The input must be explicit, to minimize misinterpretation or miscommunication. Every time information is exchanged from person to person there is a loss of fidelity. When the intent isn’t clear from the start, additional loss can result in situations of total communication breakdowns and work with little or no added value. Be thorough in transferring all the knowledge that might be needed.
However, more information can be helpful but not a substitute for clear information. A “brain dump” when it is just a giant jumbled pile of disconnected thoughts, unfiltered and without context, may be an “unexplained lump” and cause a “constrain slump”. Garbage in, garbage out.
Take the example of mistaken expectations when a concept gets tasked out for the almighty “3D model”. What is the expectation of the model? An industrial design concept? A virtual prototype? A final concept? A model can be a realistic blueprint or untethered to reality and impossible to make. The untrained eye can’t tell the difference and the uninitiated entrepreneur doesn’t know there is a difference.

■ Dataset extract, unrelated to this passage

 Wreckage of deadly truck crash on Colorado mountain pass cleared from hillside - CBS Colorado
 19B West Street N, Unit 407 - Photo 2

Ideators envision a version of their product in their mind’s eye. When I think about a product concept, I don’t see just a product. I envision the whole ecosystem required from industrial machines, tooling, assemblers, packaging and test facilities. The truth is that the originator’s vision isn’t a solution, just the beginning of identifying a need. Even if a functional prototype or patent exists, it’s just a validation of the need, not a solution. This is how a lack of understanding of what is required for skilled execution leads to slow execution.
Great designers solve wicked problems. Wicked problems can be incomplete, contradictory, or a total stumper of a problem. Your problem is likely a wicked problem but you just don’t know it yet. You haven’t peeled back enough layers of the onion or found the Pandora’s box that will test your will and resolve.
We use a tool called “design thinking” to tackle wicked problems. Design thinking is a methodology and a mental muscle. It’s like the scientific method, but for every problem. The process is an ordered series of steps: empathize, define, ideate, prototype, test, assess, and iterate.
Challenging problems can have such a large scope they seem to have no beginning or end. This is where the desire to start throwing things over the fence to skilled implementors comes from. But this undisciplined approach to solving problems is an exercise in flushing resources and kicking the proverbial can down the road. The design thinking approach allows you to partition the massive and unwieldy project into compartmentalized and manageable bits that can then be individually tackled and reassembled to tame the whole beast.